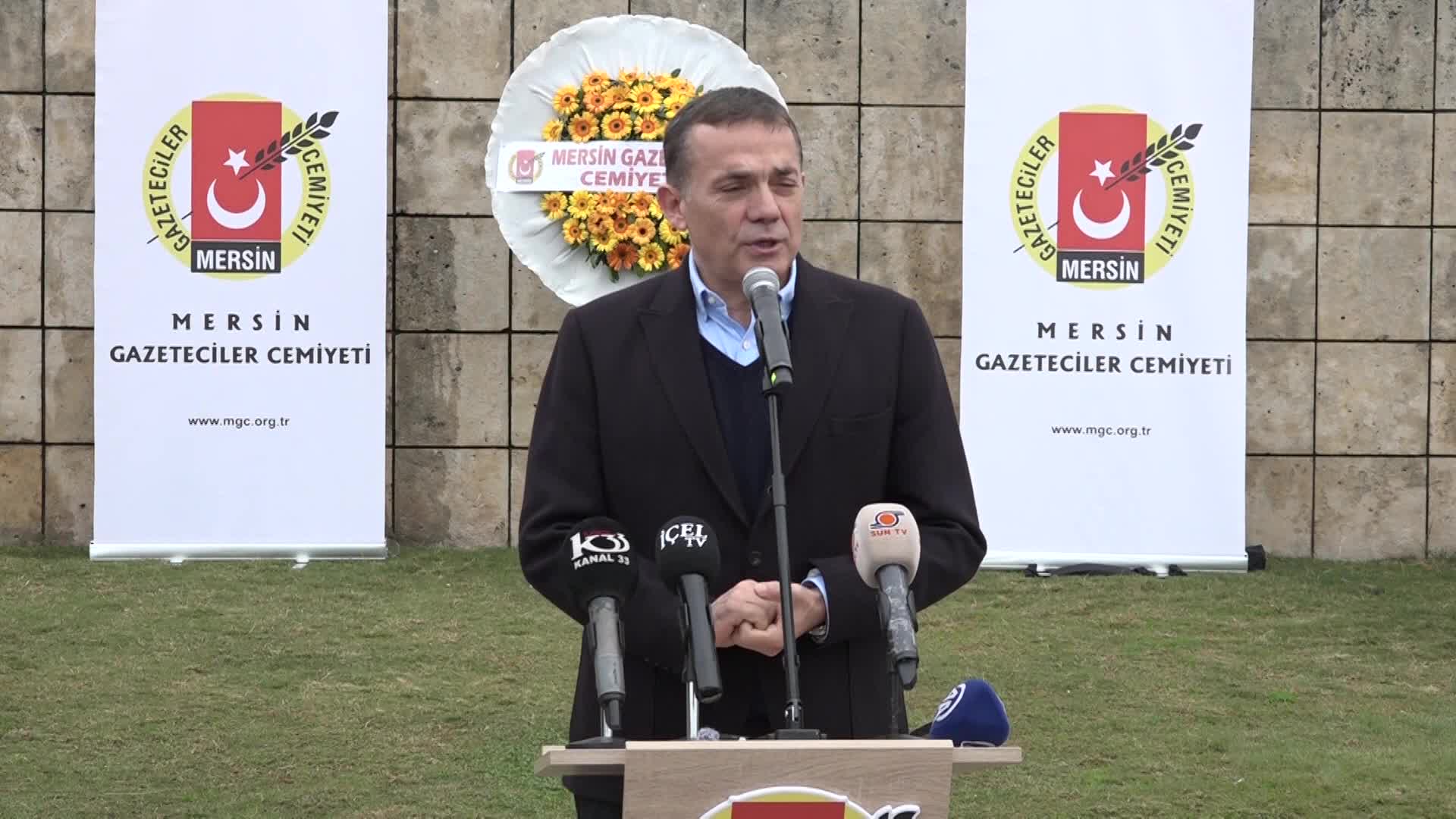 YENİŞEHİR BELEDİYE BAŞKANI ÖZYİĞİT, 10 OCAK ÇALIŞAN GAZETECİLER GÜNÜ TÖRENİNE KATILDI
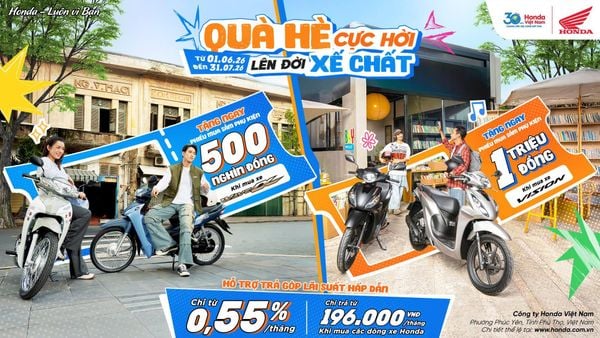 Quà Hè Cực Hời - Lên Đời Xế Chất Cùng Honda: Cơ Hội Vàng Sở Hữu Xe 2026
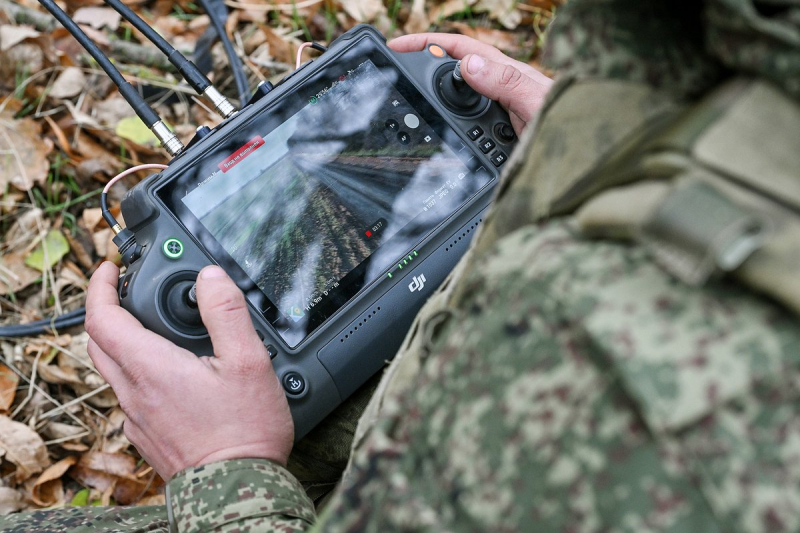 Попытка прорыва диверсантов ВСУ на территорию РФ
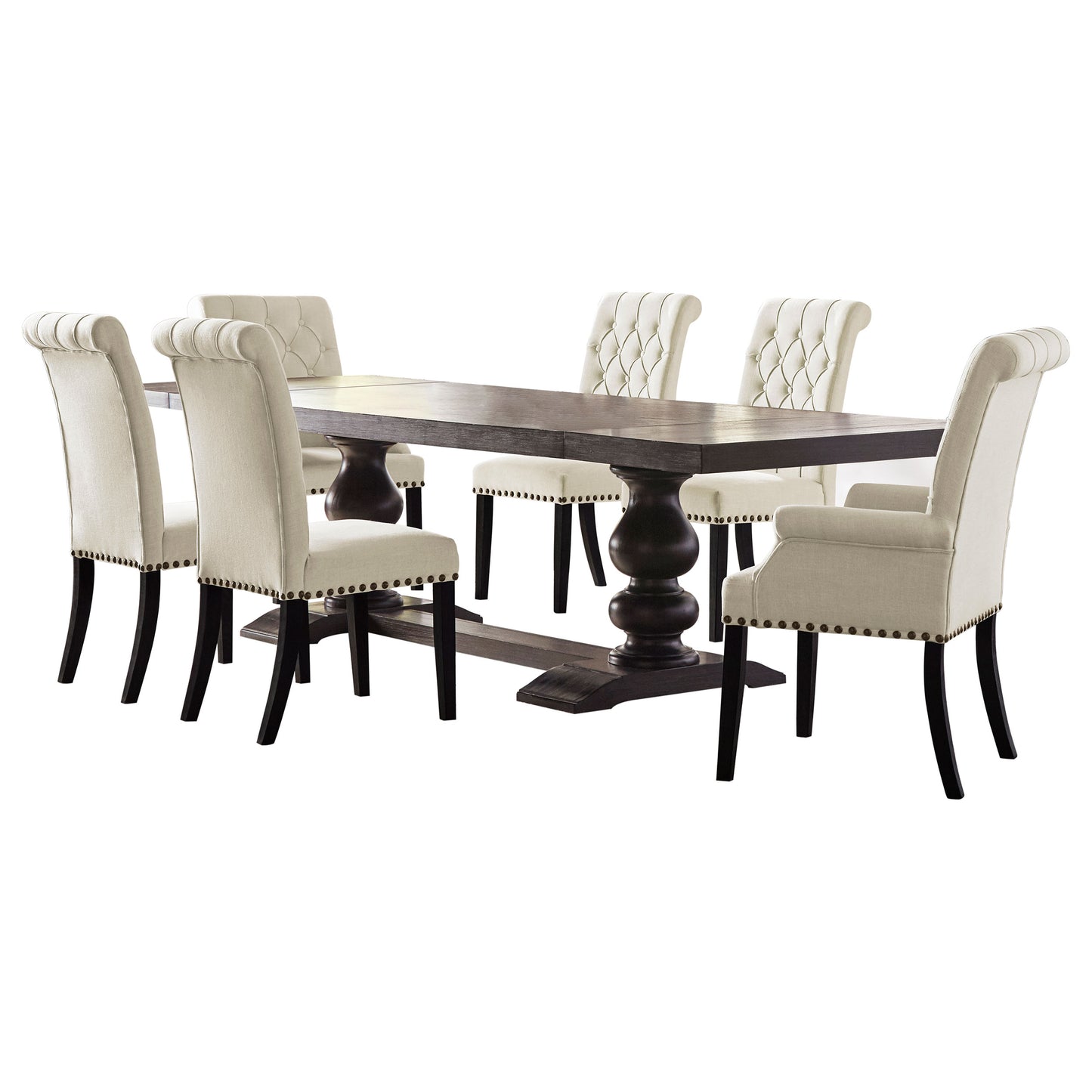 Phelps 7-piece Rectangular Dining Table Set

==

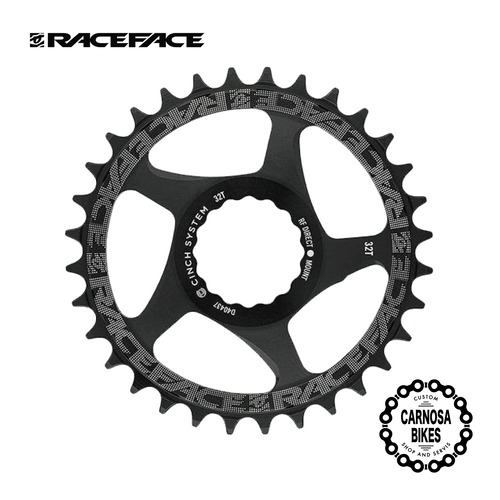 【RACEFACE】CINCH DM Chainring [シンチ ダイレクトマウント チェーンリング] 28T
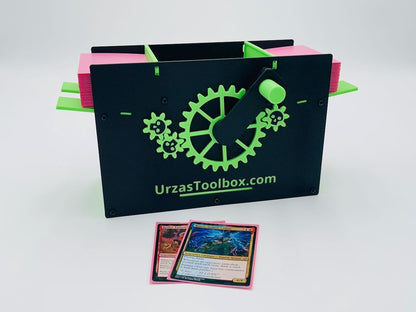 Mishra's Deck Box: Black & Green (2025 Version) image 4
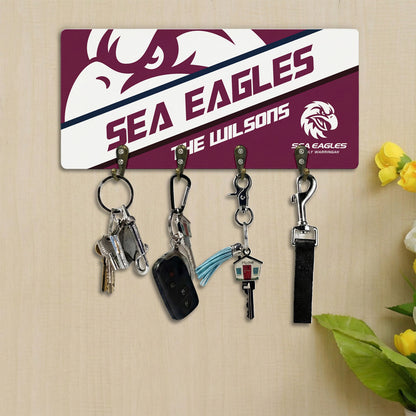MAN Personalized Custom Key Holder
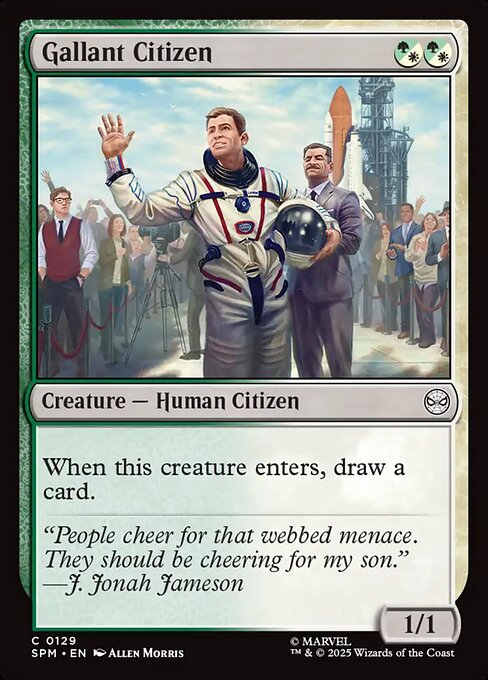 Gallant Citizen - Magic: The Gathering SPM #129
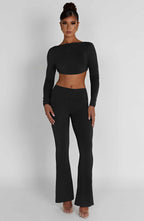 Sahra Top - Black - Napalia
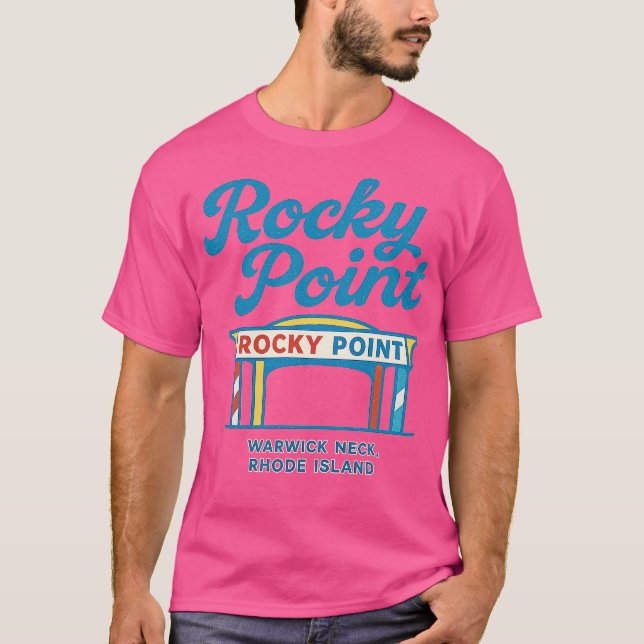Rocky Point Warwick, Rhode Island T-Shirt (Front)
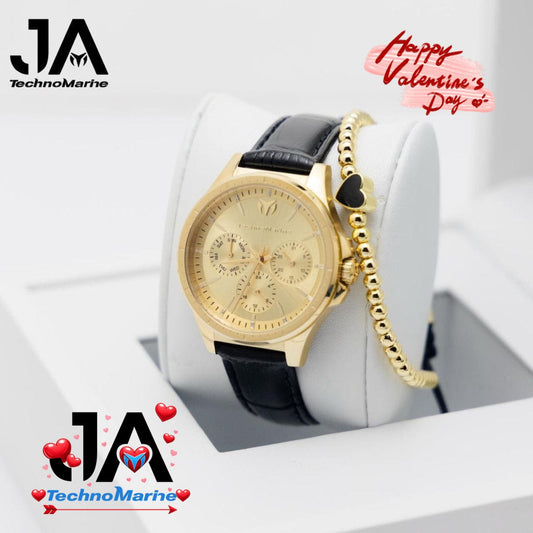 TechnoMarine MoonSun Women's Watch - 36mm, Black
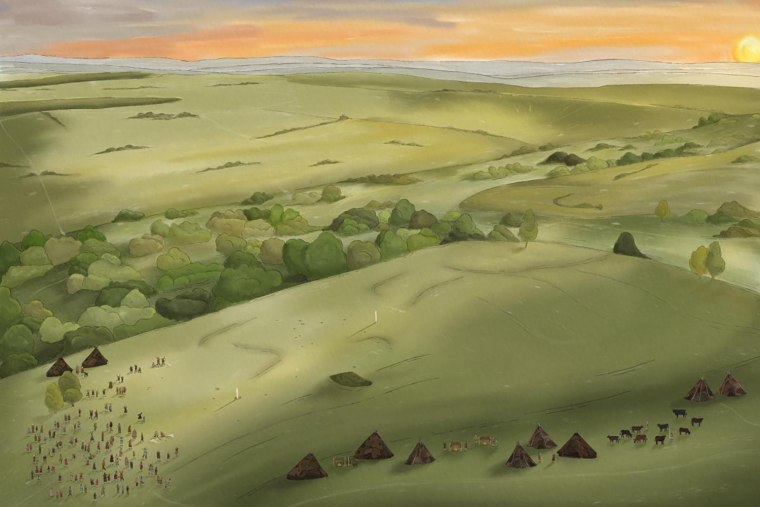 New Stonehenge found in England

---

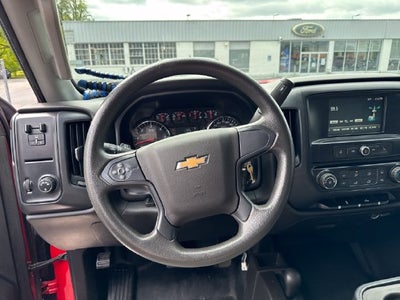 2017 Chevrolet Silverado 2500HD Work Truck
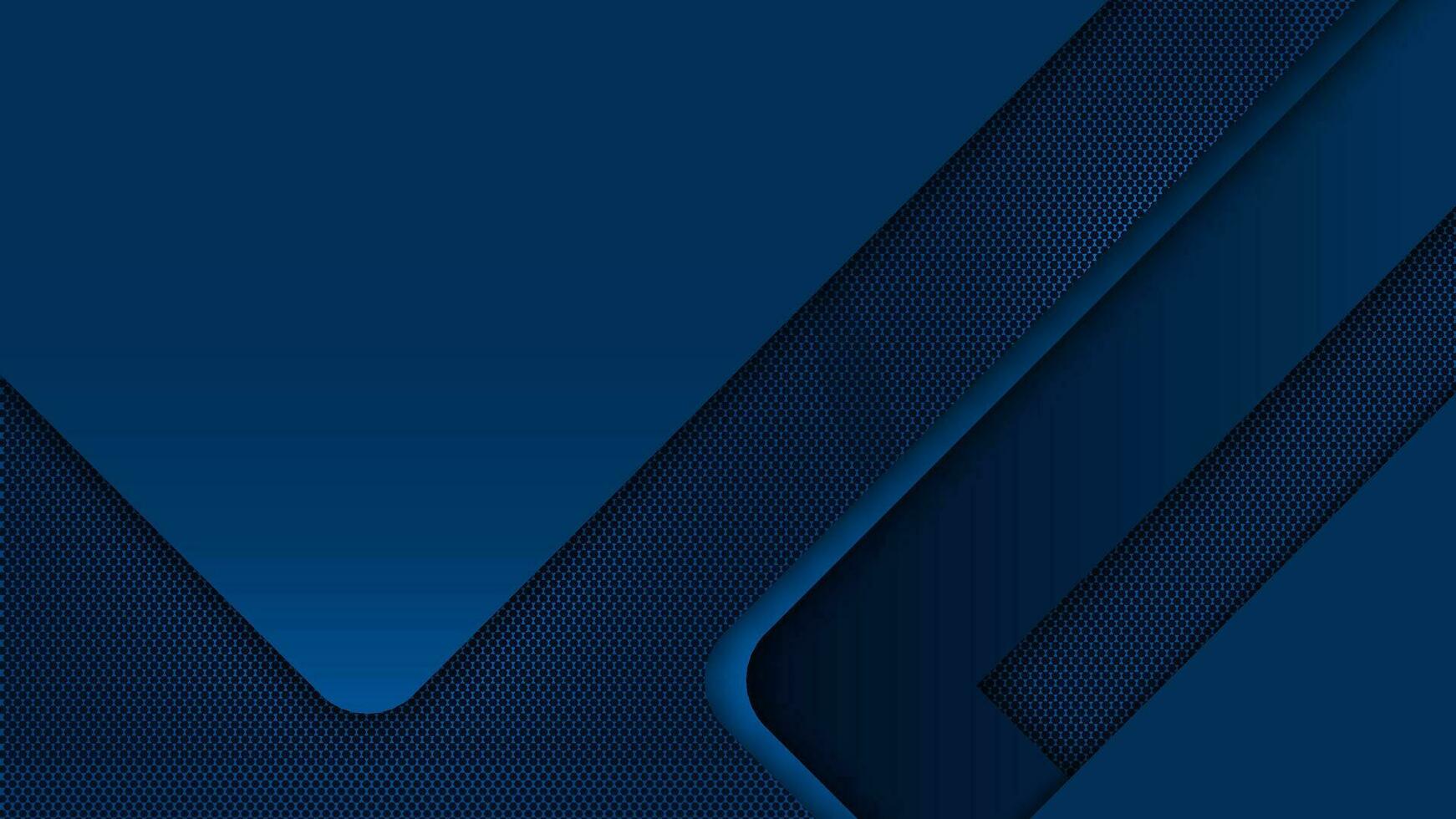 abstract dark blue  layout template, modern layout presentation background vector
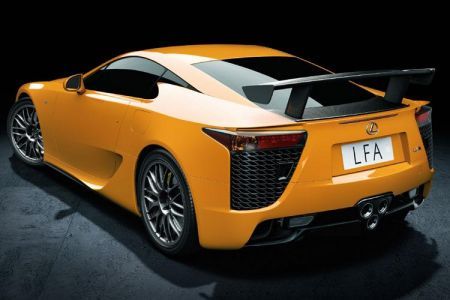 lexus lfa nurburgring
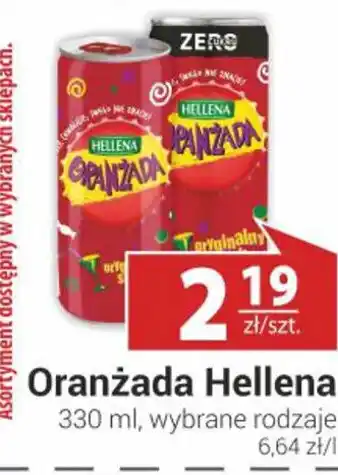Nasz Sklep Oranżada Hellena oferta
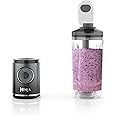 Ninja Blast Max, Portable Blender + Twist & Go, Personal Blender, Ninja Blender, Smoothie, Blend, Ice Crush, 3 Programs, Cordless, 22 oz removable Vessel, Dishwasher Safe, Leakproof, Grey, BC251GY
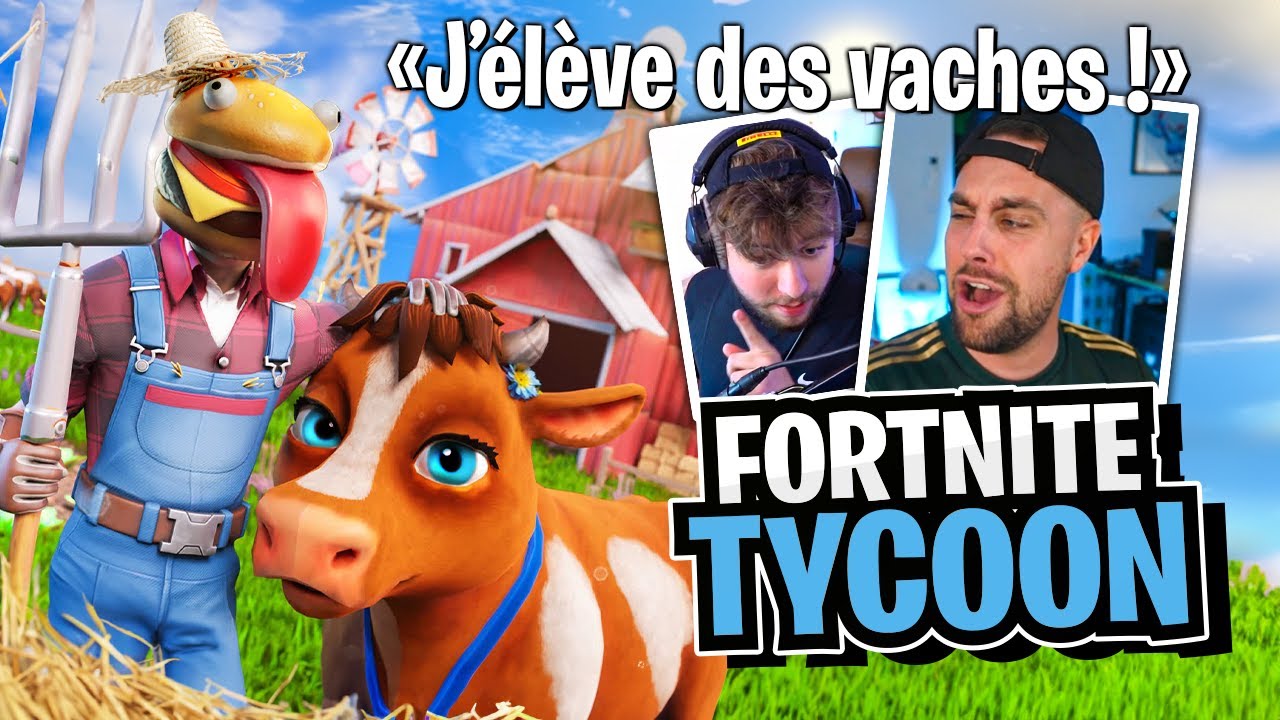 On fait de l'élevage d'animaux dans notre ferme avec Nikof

## What the task asks
Set down, exactly as written above, each line from the one with "Sahra Top - Black - Napalia" through the one with "New Stonehenge found in England", and skip the pictures.

## Solution
 Sahra Top - Black - Napalia
Rocky Point Warwick, Rhode Island T-Shirt (Front)
 TechnoMarine MoonSun Women's Watch - 36mm, Black
 New Stonehenge found in England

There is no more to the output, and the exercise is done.